The USS Arizona sunk on December 7, 1941, in less then nine minutes after an armor-piercing bomb from a Japanese war plane penetrated its forward deck and exploded the ship's ammunition store. The surprise attack by the Japanese Air Force and Navy at Pearl Harbor resulted in over 2,000 American souls, including 68 civilians, killed. More than half of the casualties (1,177) were Navy sailors and Marines on the Arizona. Today the National Park Service oversees the memorial over the sunken remains of the battleship Arizona.
On the reverse side is an eight cent Einstein stamp. The message reads: "Greetings -- wonderful trip -- beautiful weather, etc. Waiting now to see Kodiak snow. See you soon -- Love, Ruth"

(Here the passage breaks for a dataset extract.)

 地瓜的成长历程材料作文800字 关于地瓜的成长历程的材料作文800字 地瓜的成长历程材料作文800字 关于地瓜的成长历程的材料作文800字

The composition of the card is unremarkable except that it was obviously taken from a moving boat. You can see the wake of the craft as it pulls away from the monument on a partly sunny day. Many times over the years I've looked at this image and not seen its significance, yet it's mundane image holds a hidden treasure.

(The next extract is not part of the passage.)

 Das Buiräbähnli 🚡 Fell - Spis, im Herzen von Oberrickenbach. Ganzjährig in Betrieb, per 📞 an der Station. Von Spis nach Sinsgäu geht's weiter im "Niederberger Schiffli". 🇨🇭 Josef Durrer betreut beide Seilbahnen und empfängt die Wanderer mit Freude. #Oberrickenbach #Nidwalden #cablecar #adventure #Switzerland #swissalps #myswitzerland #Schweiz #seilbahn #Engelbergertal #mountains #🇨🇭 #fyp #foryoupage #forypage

The memorial sits over the remains not only of the sunken navy ship Arizona but also over the remains of the men who died on that fateful day. The fact that the photographer took the picture moving away from the memorial, rather than approaching it, speaks to our relationship to all who have died. Though these men are remembered and honored, we must by necessity of time itself move away from them. This is the cruel nature of time itself , let alone our faltering memories.
It is good that there are memorials made of marble. It is also good there are postcards and postcards posted on the Internet. Each saves a valuable memory, at least for a time, from loss.